Problem requirements: From the line containing "Giacca antivento reversibile" through the last line below, copy every line exactly, leaving out the pictures.

Study material:

-- Opening Marker --

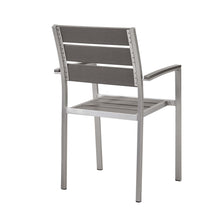 Load image into Gallery viewer, Coast Outdoor Patio Aluminum Dining Armchair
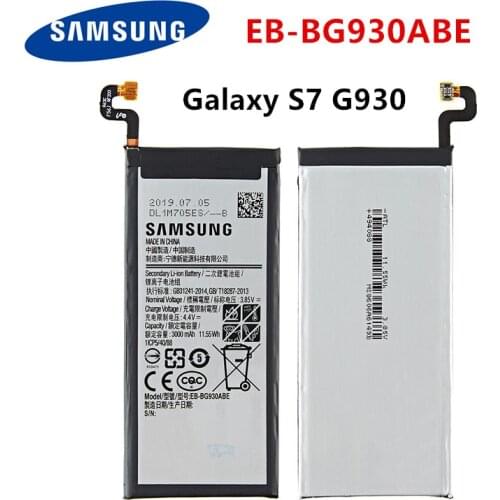 SAMSUNG Orginal EB-BG930ABE 3000mAh Battery For Samsung Galaxy S7 SM-G930F G930FD G930W G930A G930V G930T G930FD G9300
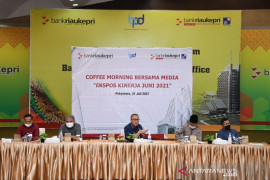 PT Bank Riau Kepri bukukan laba Rp262 miliar, lebih 100 persen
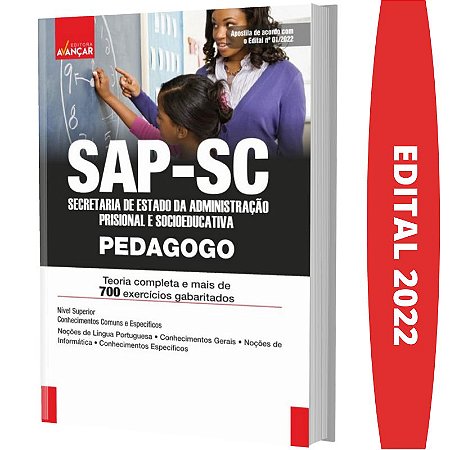 Apostila Concurso SAP SC - Pedagogo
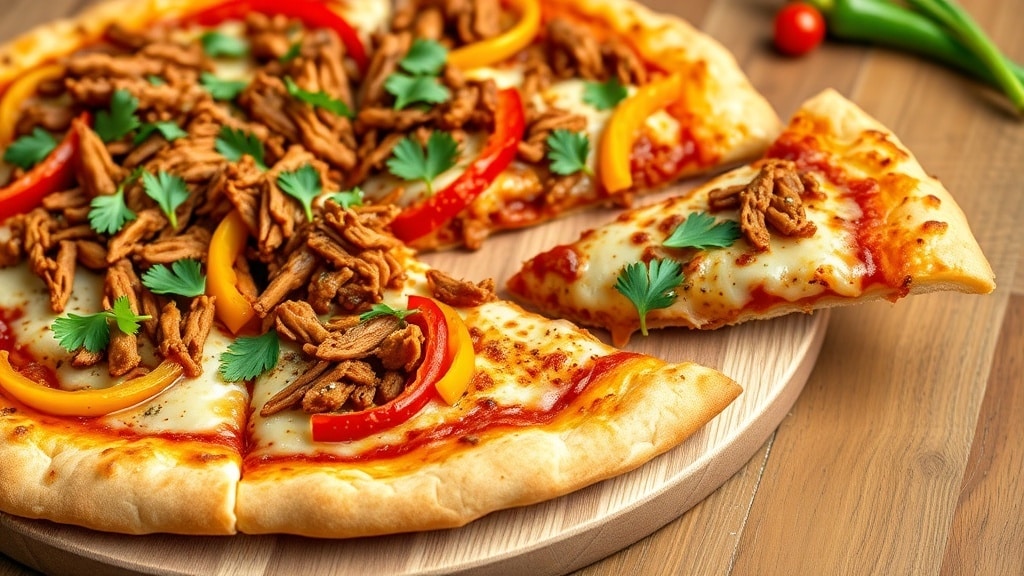 Vegan BBQ Jackfruit Pizza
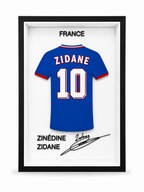 Maillot Encadré Zinédine Zidane | France 1998 – vue 4
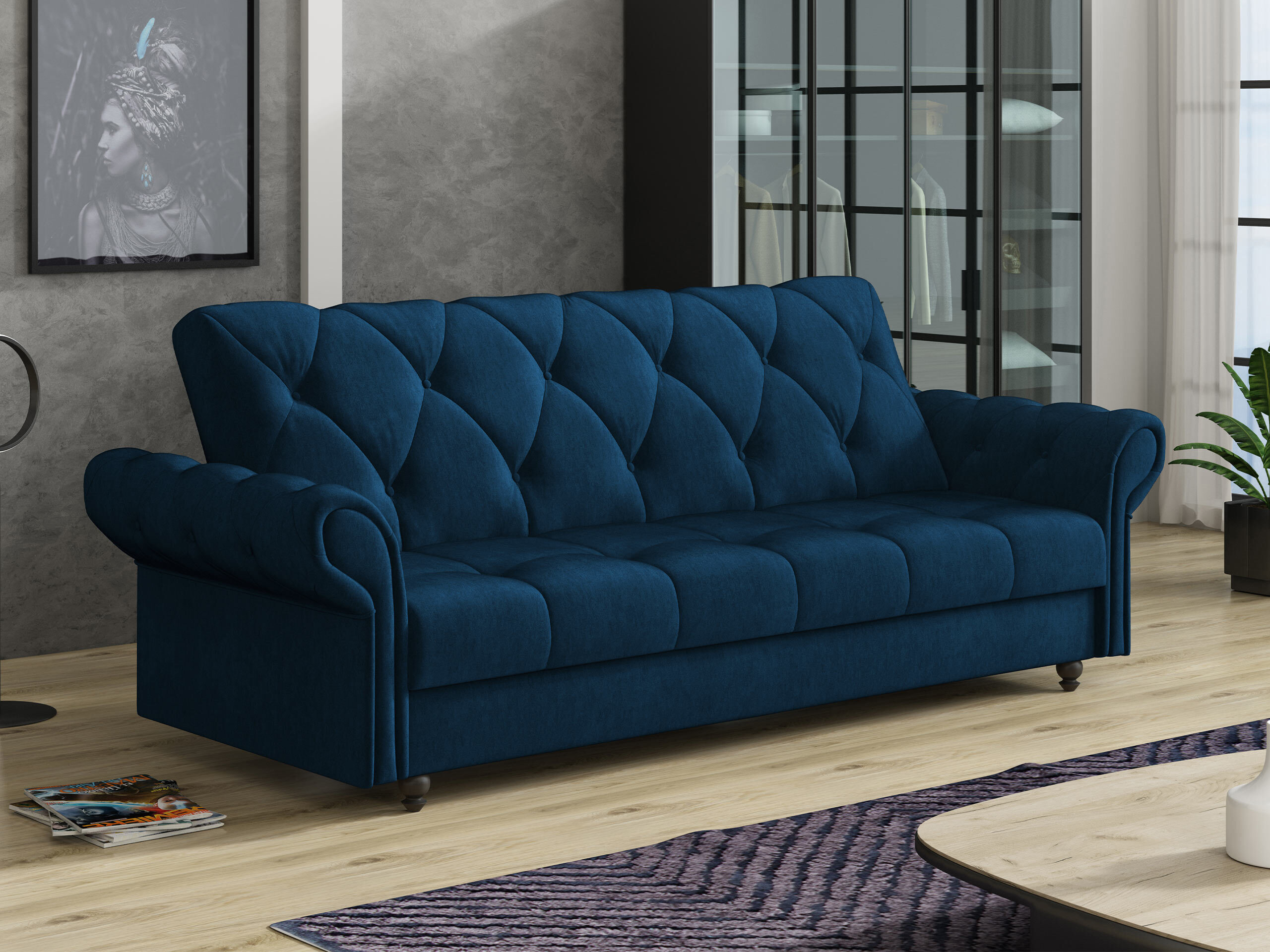 Divano letto Columbus 209 (Kronos 09)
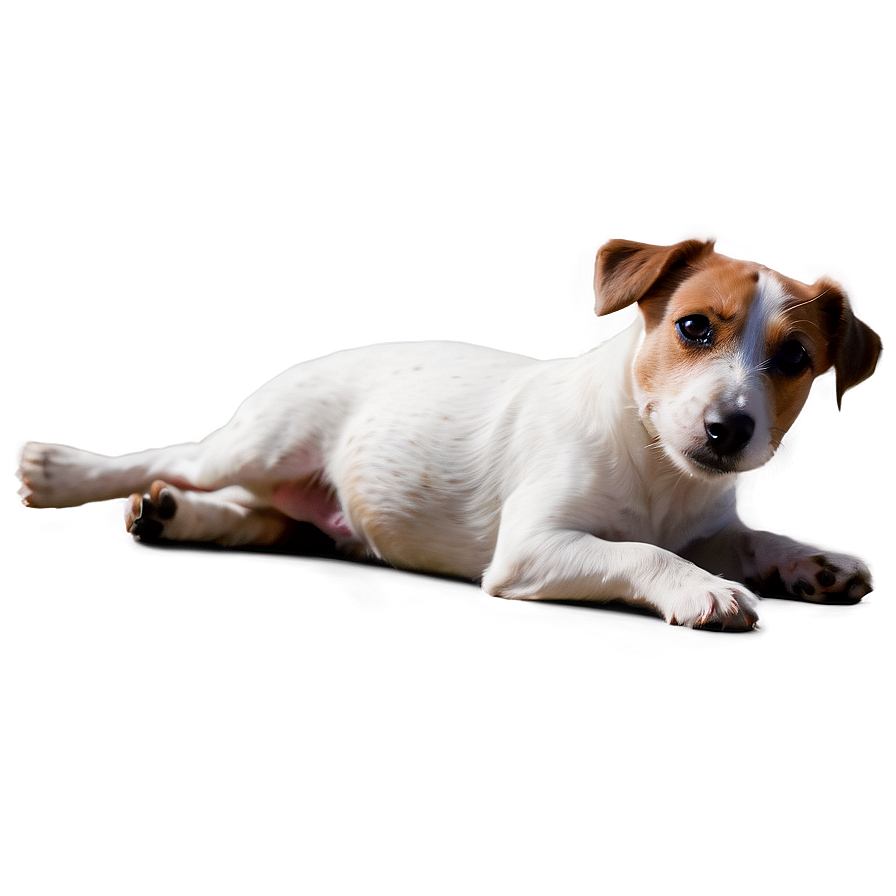 Jack Russell Laying Down Png 06292024
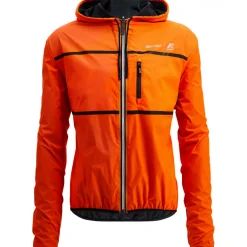Giacca antivento reversibile Santini x K-WAY - Arancio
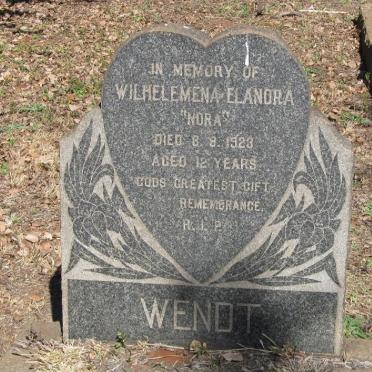 WENDT Wilhelemena Elanora -1923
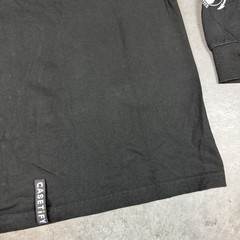 Bruce Lee Casetify T Shirt Mens XL Black Long Sleeve Flaws Preowned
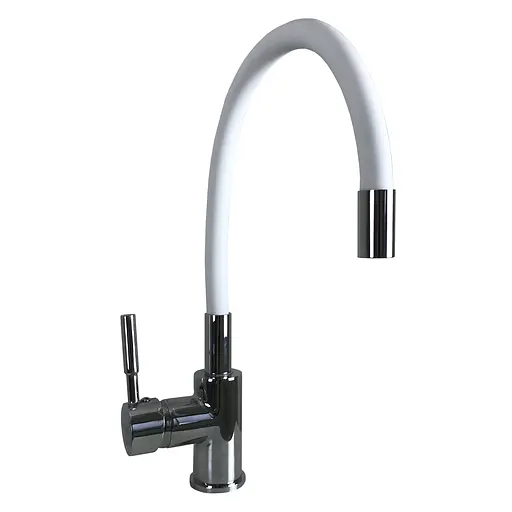 Змішувач для кухні Globus Lux Lazer GLLR-203SW Білий - фото 3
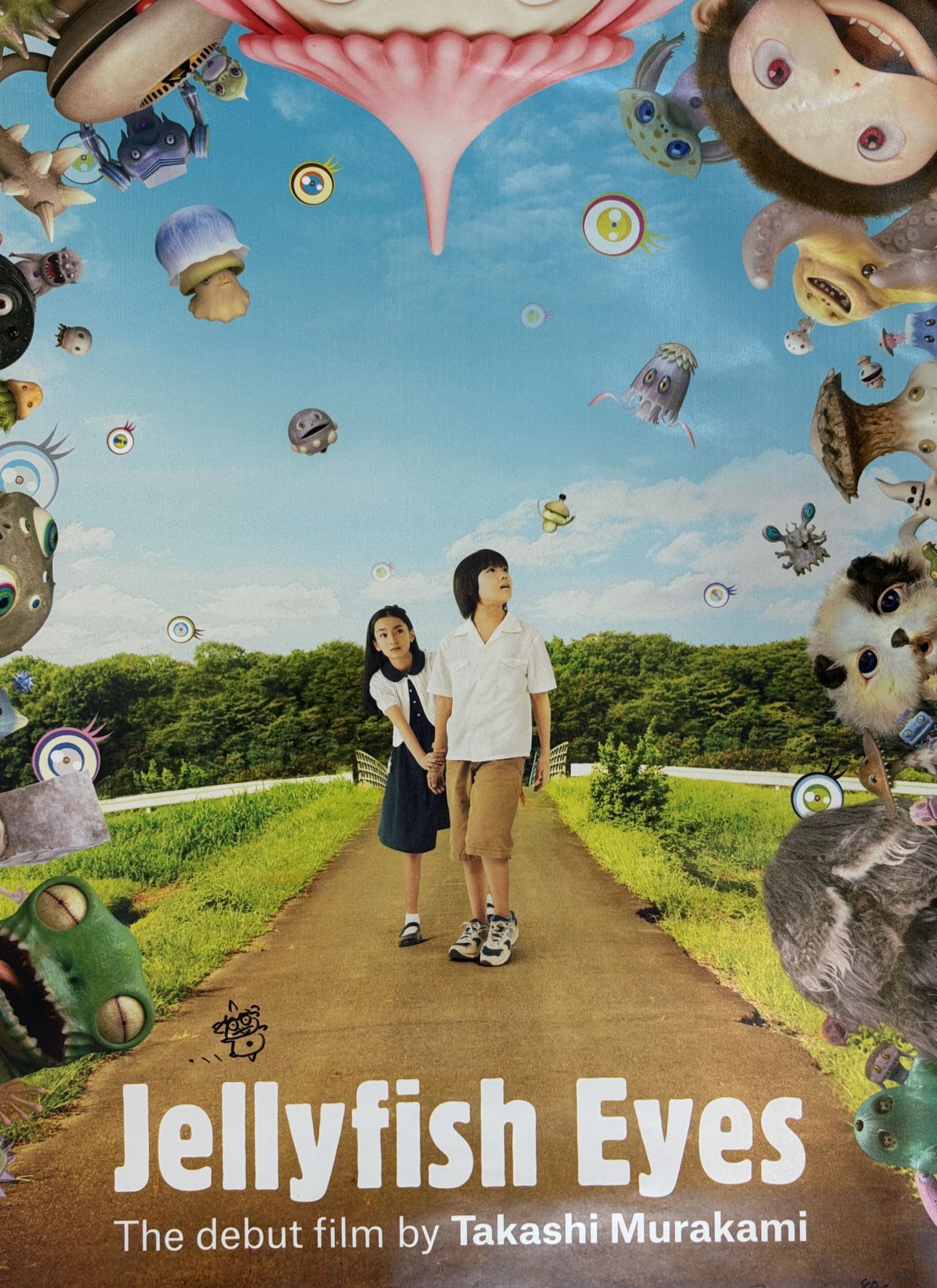 ORIGINAL JELLYFISH EYES MOVIE POSTER Signed | Takashi Murakami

-- Closing Marker --

Exercise solution:
Giacca antivento reversibile Santini x K-WAY - Arancio
 WENDT Wilhelemena Elanora -1923
 Bruce Lee Casetify T Shirt Mens XL Black Long Sleeve Flaws Preowned
 Змішувач для кухні Globus Lux Lazer GLLR-203SW Білий - фото 3
 ORIGINAL JELLYFISH EYES MOVIE POSTER Signed | Takashi Murakami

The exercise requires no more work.